Exactly reproduce the line containing "Serpentine flower earrings E964" and all later lines to the end of the entries, leaving the pictures out of your copy.
[[ Exercise data open ]]
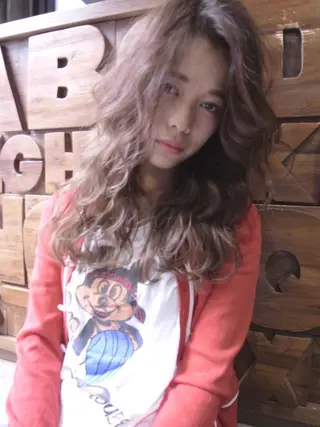 ロング カラー 北條 優輝のヘアスタイル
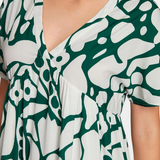 Silvia – Vestido Fluido Estampado para Días Ligeros y Con Estilo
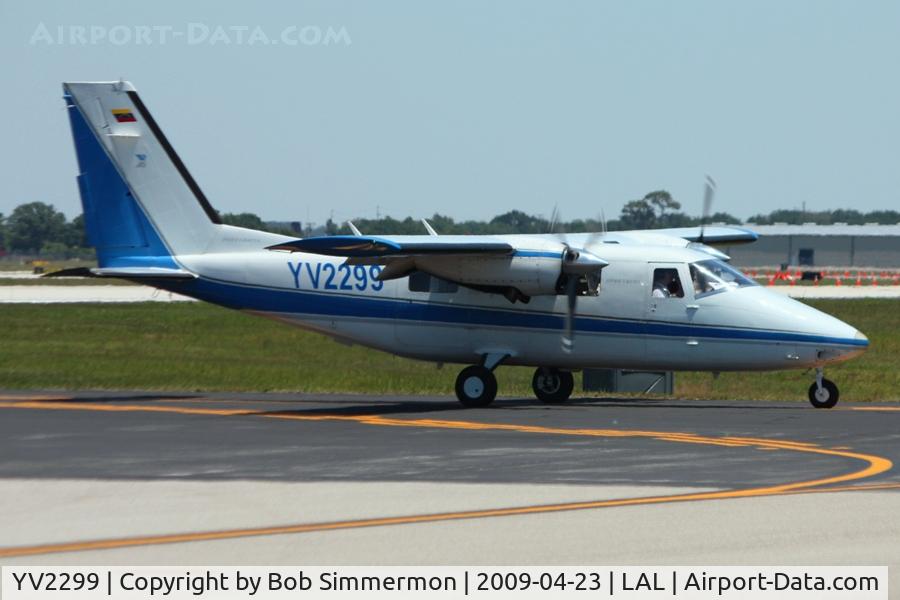 YV2299, 1986 Partenavia AP-68TP-300 Spartacus C/N 8009, Arriving at Sun N Fun 2009 - Lakeland, Florida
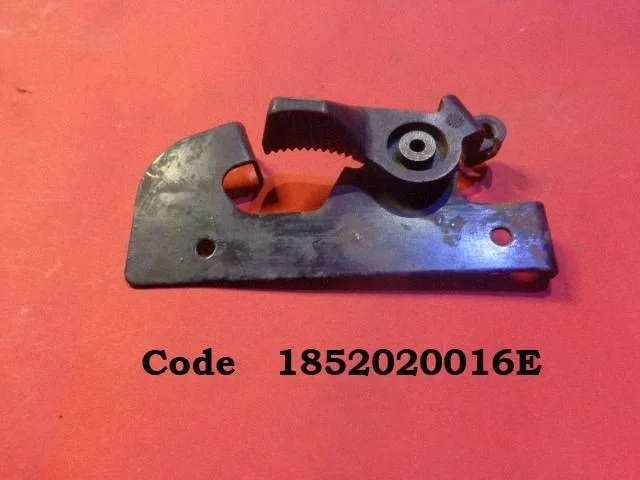 Engine bonnet (hood) release handle 1852020016E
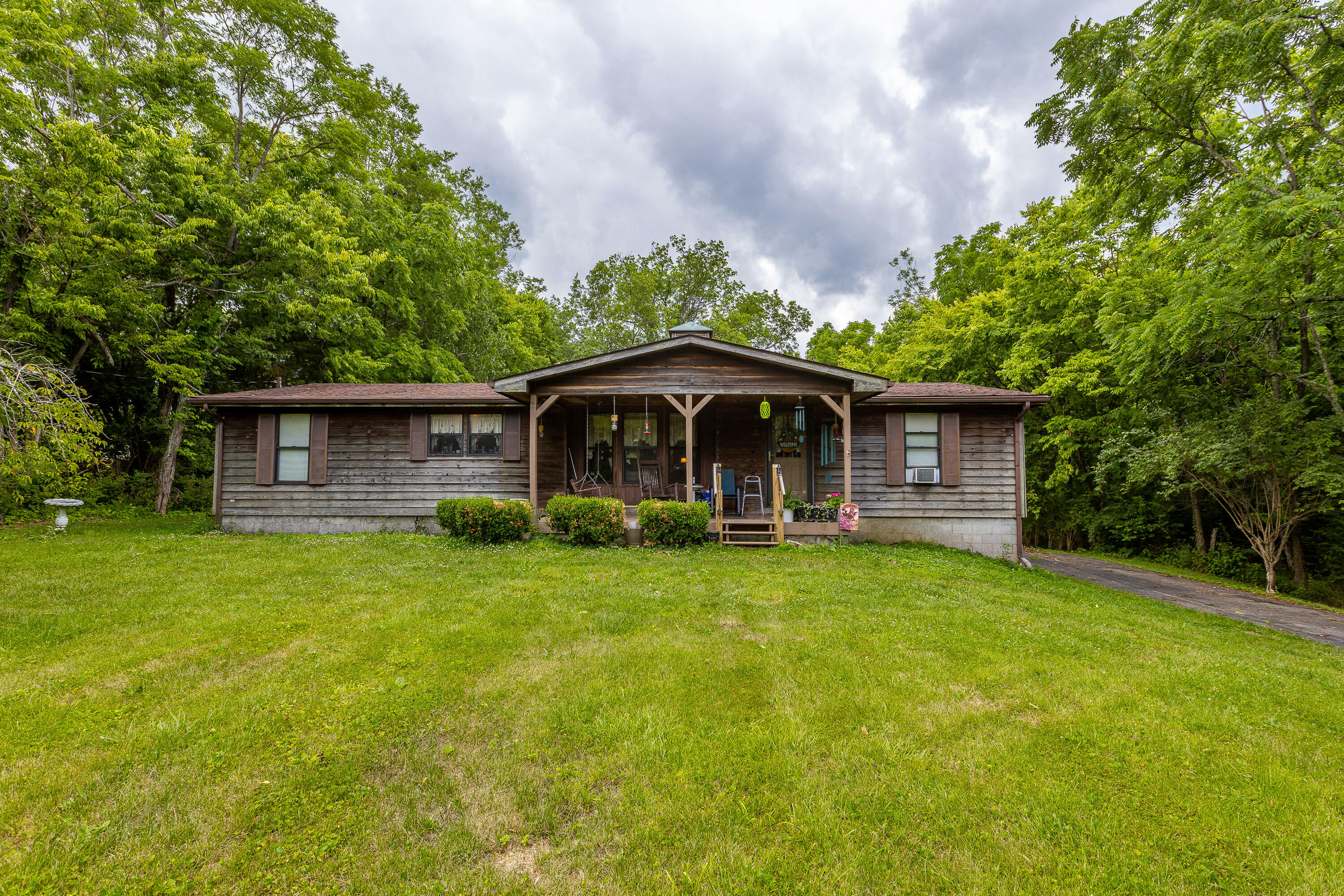 1805 Delaney Ferry Road  Versailles KY 40383 photo
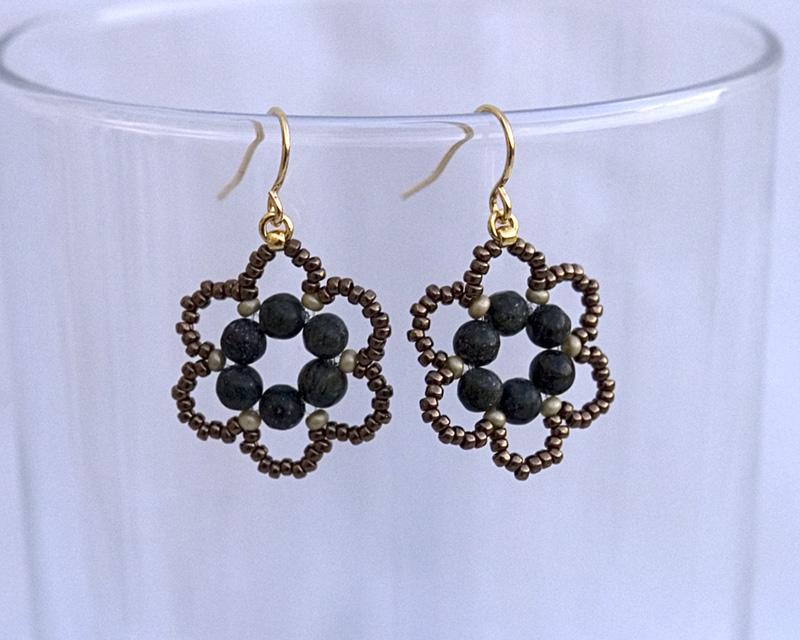 Serpentine flower earrings E964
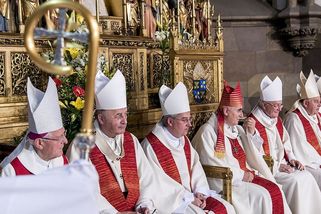 Český katolický klérus připomíná UV KSČ v létě 1989 - Médium.cz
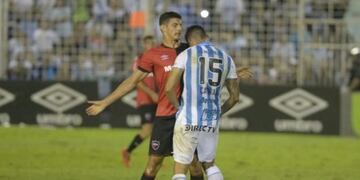 El futbolista del Decano le metió un cabezazo al \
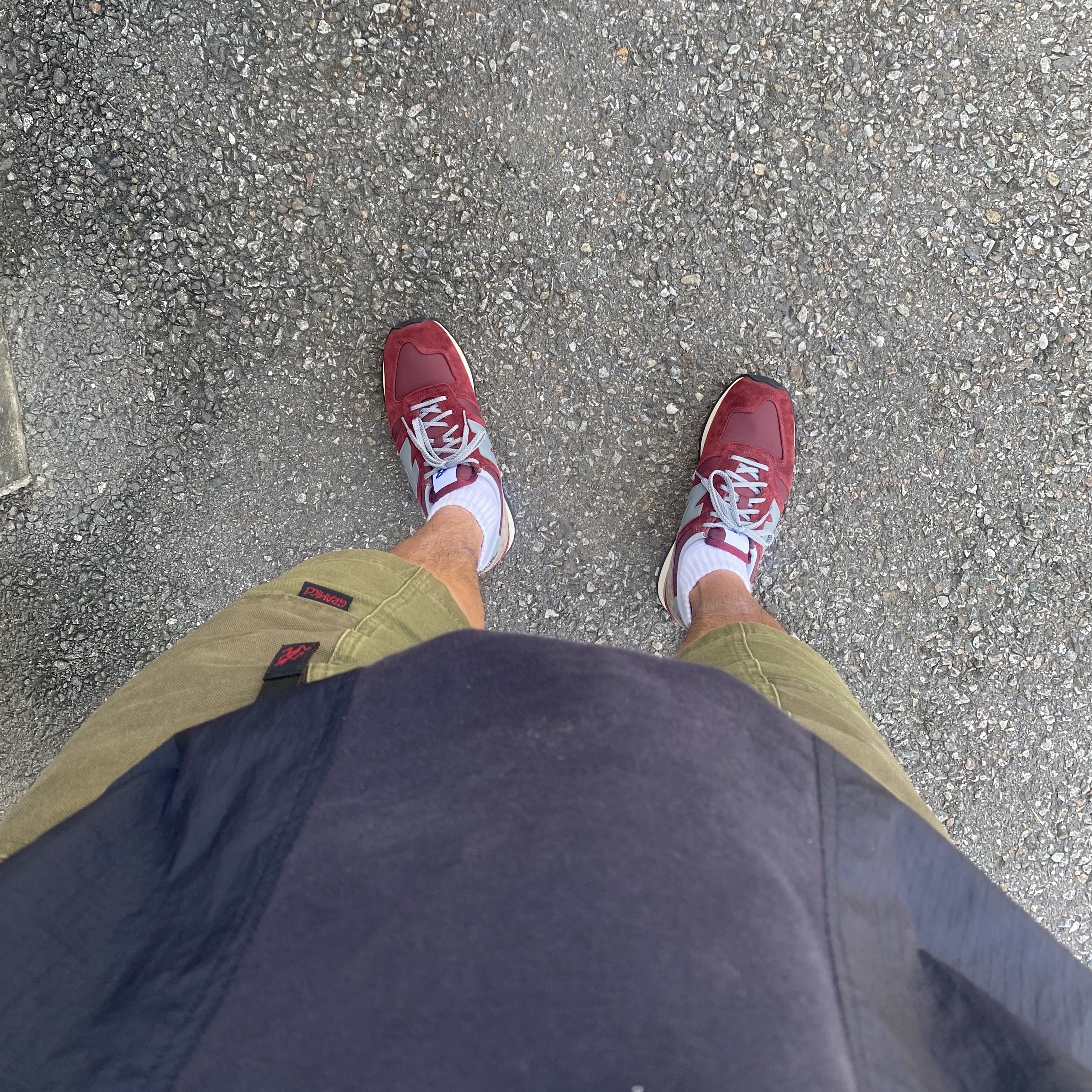 New Balance 730 Made in UK 40th Anniversary Burgundy 착용 스타일 - 1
[[ Exercise data closed ]]
Response:
 Serpentine flower earrings E964
 Český katolický klérus připomíná UV KSČ v létě 1989 - Médium.cz
 El futbolista del Decano le metió un cabezazo al \
 New Balance 730 Made in UK 40th Anniversary Burgundy 착용 스타일 - 1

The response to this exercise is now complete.